TASK PROMPT: The whole listing below needs to be duplicated exactly, pictures aside.

DATASET CONTENT:
---
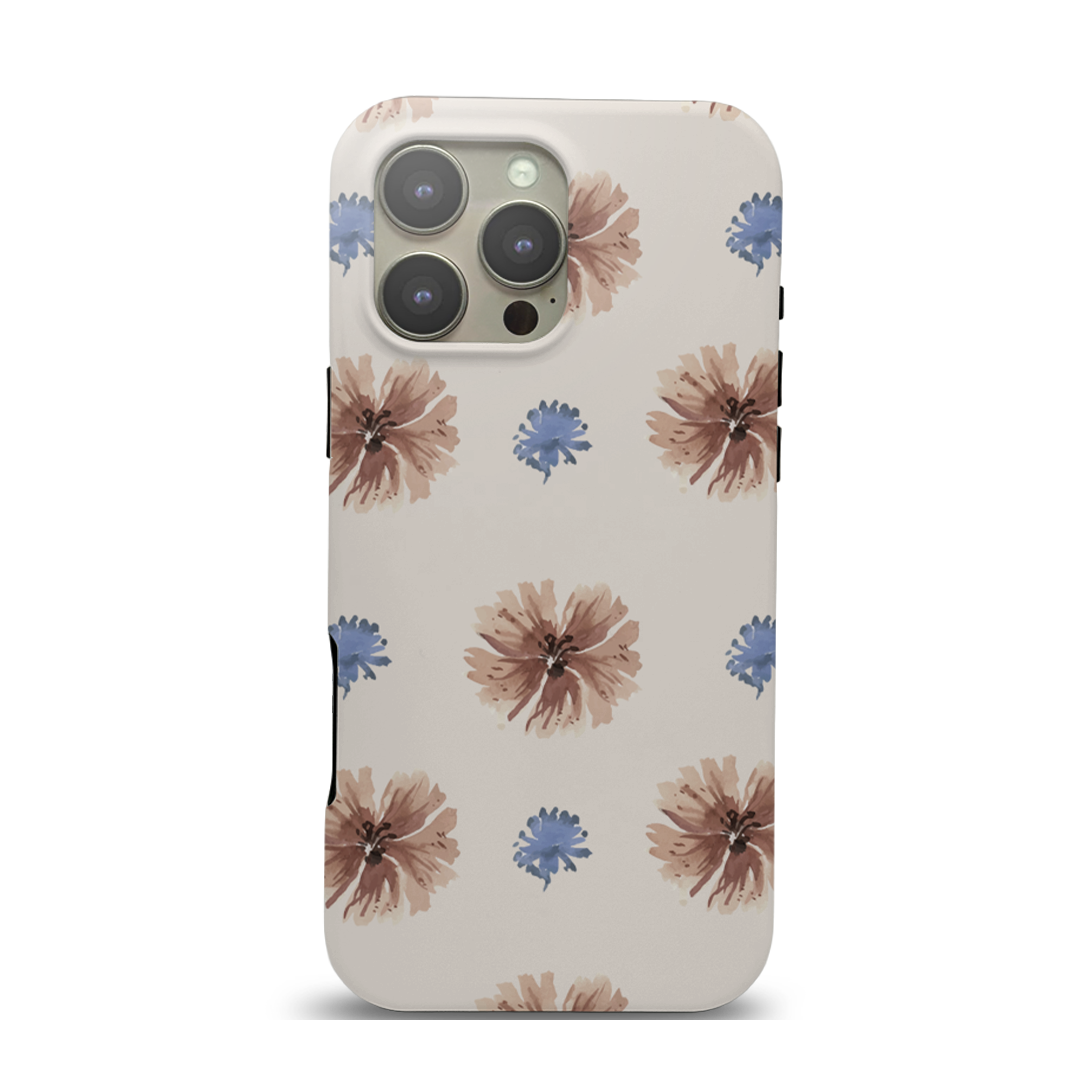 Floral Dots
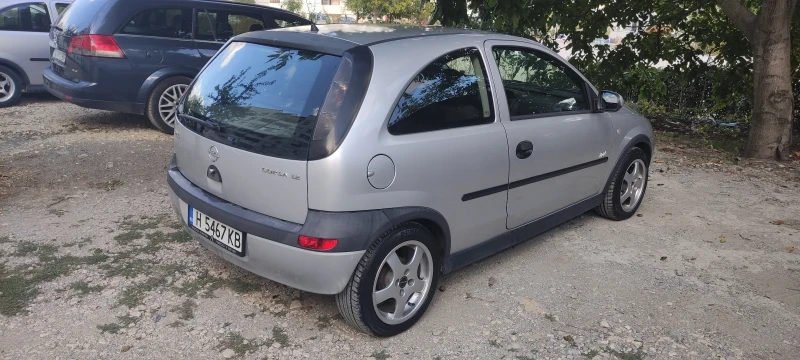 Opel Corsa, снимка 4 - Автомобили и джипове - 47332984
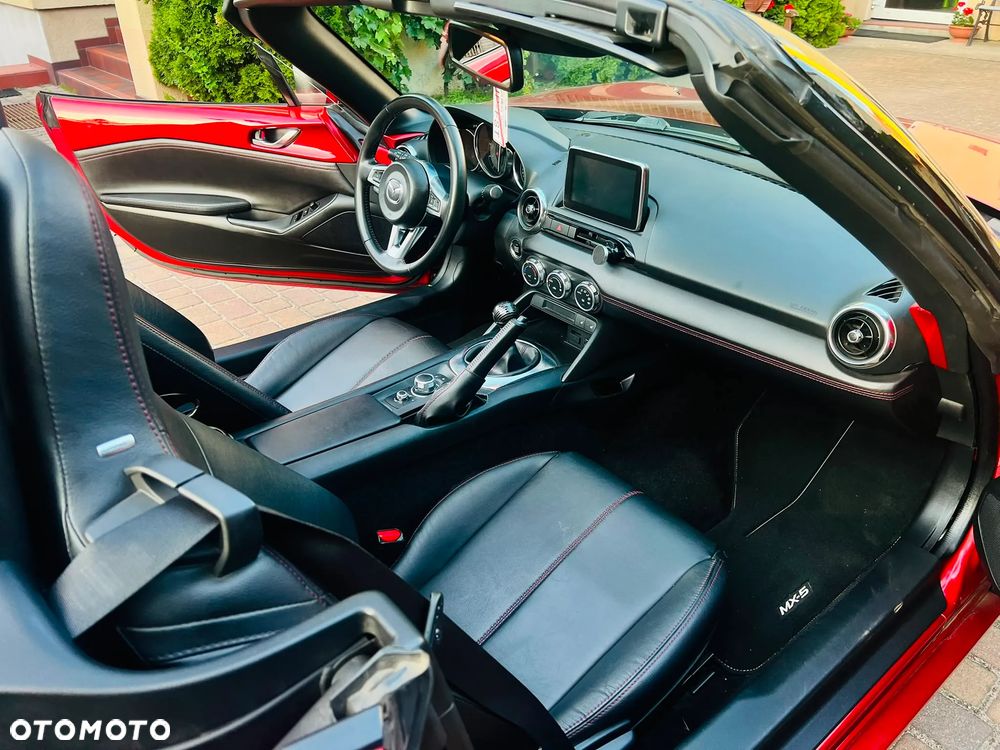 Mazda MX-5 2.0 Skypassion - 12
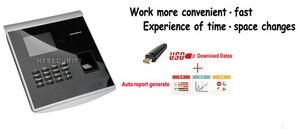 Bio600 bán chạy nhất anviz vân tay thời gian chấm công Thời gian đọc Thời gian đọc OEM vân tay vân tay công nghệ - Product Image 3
---
SOLUTION TO THIS PROBLEM:
 Floral Dots
 Opel Corsa, снимка 4 - Автомобили и джипове - 47332984
 Mazda MX-5 2.0 Skypassion - 12
 Bio600 bán chạy nhất anviz vân tay thời gian chấm công Thời gian đọc Thời gian đọc OEM vân tay vân tay công nghệ - Product Image 3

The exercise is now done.